[Entries taken from a collection]
--------------------------------------------------

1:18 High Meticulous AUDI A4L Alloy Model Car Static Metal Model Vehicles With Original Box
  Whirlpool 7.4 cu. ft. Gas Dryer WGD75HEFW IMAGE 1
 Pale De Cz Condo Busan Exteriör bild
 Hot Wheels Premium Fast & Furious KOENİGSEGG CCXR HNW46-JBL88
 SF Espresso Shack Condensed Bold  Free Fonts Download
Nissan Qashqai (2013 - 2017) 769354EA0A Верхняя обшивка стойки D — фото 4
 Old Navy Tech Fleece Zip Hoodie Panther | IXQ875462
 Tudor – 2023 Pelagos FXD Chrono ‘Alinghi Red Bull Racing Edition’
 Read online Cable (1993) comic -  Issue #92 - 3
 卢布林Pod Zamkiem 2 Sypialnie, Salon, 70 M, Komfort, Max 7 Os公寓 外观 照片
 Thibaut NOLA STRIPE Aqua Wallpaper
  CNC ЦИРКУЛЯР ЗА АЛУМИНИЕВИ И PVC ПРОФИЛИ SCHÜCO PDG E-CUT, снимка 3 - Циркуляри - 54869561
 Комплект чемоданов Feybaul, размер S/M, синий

--------------------------------------------------

### TASK ITEM
Nothing may change. Retype all of the entries.

### RESPONSE FOR THIS EXERCISE
1:18 High Meticulous AUDI A4L Alloy Model Car Static Metal Model Vehicles With Original Box
  Whirlpool 7.4 cu. ft. Gas Dryer WGD75HEFW IMAGE 1
 Pale De Cz Condo Busan Exteriör bild
 Hot Wheels Premium Fast & Furious KOENİGSEGG CCXR HNW46-JBL88
 SF Espresso Shack Condensed Bold  Free Fonts Download
Nissan Qashqai (2013 - 2017) 769354EA0A Верхняя обшивка стойки D — фото 4
 Old Navy Tech Fleece Zip Hoodie Panther | IXQ875462
 Tudor – 2023 Pelagos FXD Chrono ‘Alinghi Red Bull Racing Edition’
 Read online Cable (1993) comic -  Issue #92 - 3
 卢布林Pod Zamkiem 2 Sypialnie, Salon, 70 M, Komfort, Max 7 Os公寓 外观 照片
 Thibaut NOLA STRIPE Aqua Wallpaper
  CNC ЦИРКУЛЯР ЗА АЛУМИНИЕВИ И PVC ПРОФИЛИ SCHÜCO PDG E-CUT, снимка 3 - Циркуляри - 54869561
 Комплект чемоданов Feybaul, размер S/M, синий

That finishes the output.